FDR’s First 100 Days
In his first fireside chat, Roosevelt urged Americans to put their savings back into banks, and by the end of the month, almost three-quarters of all American banks had reopened their doors. During the first 100 days of Roosevelt’s first term in office, FDR moved decisively to end Prohibition by an amendment to the U.S. Constitution, followed by the signing of the Tennessee Valley Authority Act or TVA, which allowed the federal government to build dams along the Tennessee River for flood control and the generation of inexpensive hydroelectric power.
Simultaneously, Congress passed a bill that paid farmers to fallow their fields in order to end agricultural surpluses and boost food prices. The following month saw the enactment of the National Industrial Recovery Act, which guaranteed workers the right to unionize and negotiate for higher wages and better working conditions.

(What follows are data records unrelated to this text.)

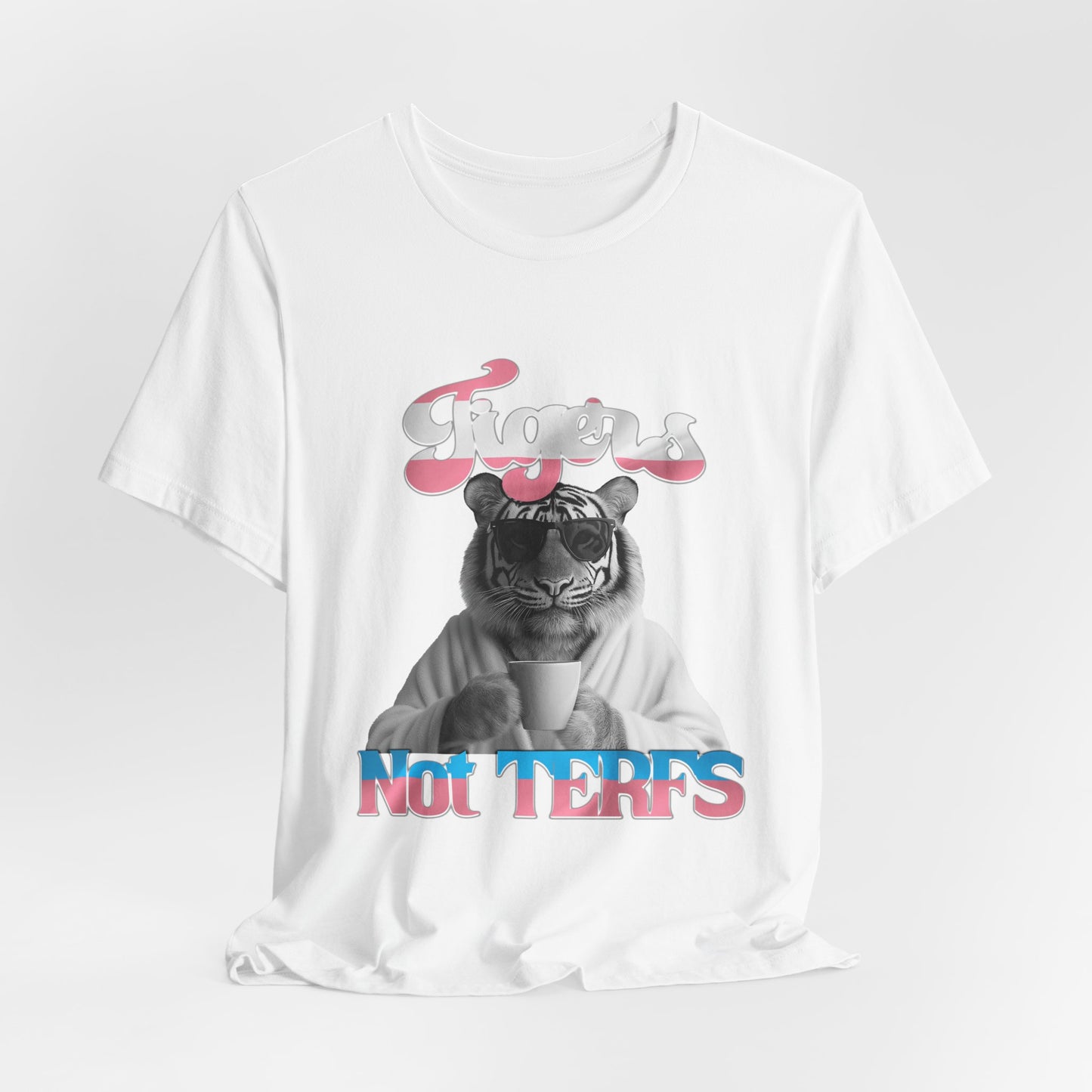 FItz Khan 'Tigers Not TERFs' Unisex Jersey Short Sleeve Tee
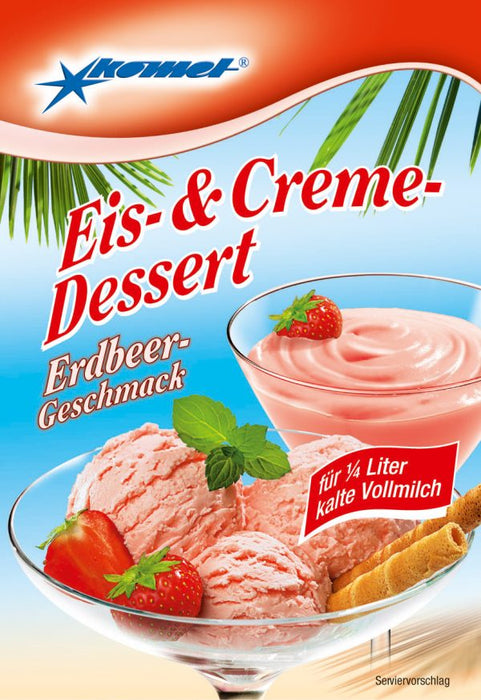 Eis- & Creme-Dessert - Erdbeer (Komet)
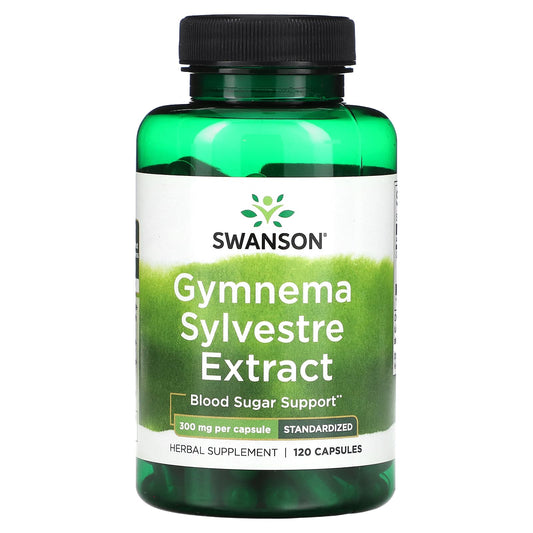 Swanson, Gymnema Sylvestre Extract, 300 mg, 120 Capsules - Image 1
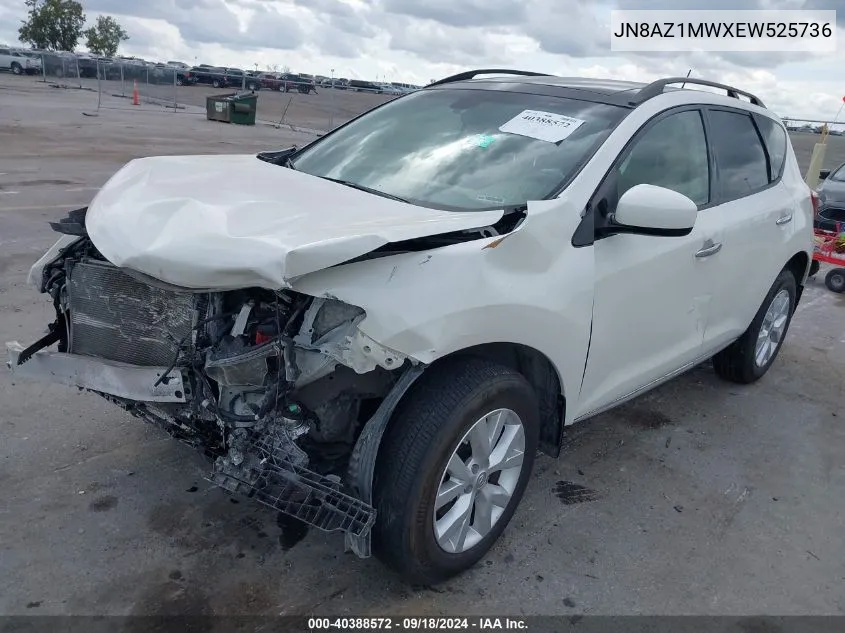 JN8AZ1MWXEW525736 2014 Nissan Murano Sl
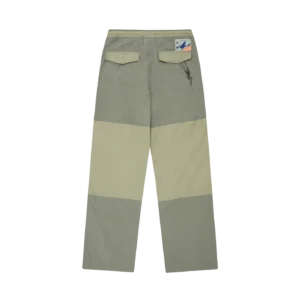 PANELLED PARACHUTE PANTS KHAKI 1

Along with the passage of 12 other major laws, almost every American found something to be pleased about and something to complain about in FDR’s robust collection of bills, but it was clear to all that FDR was engaging the sort of direct and vigorous action he had promised in his inaugural address.
Second New Deal
Despite FDR’s efforts to stimulate the economy, the Depression worsened with high unemployment and low wages, obliging Roosevelt to launch a second, more aggressive series of New Deal programs in the Spring of 1935. Known as the Second New Deal, he created the Works Progress Administration or WPA, providing federally-funded jobs for the unemployed, which in turn improved the American infrastructure through the construction of post offices, bridges, schools, highways and parks.
Along with additional legislation to protect labor unions, in August of 1935, FDR signed the Social Security Act, which guaranteed pensions for working Americans, as well as unemployment insurance for workers laid off for reasons outside their own conduct and performance.
Most historians concur that Roosevelt’s New Deal era came to an abrupt end on December 8, 1941, when the United States entered World War Two, just one day after the Japanese bombed American naval assets at Pearl Harbor.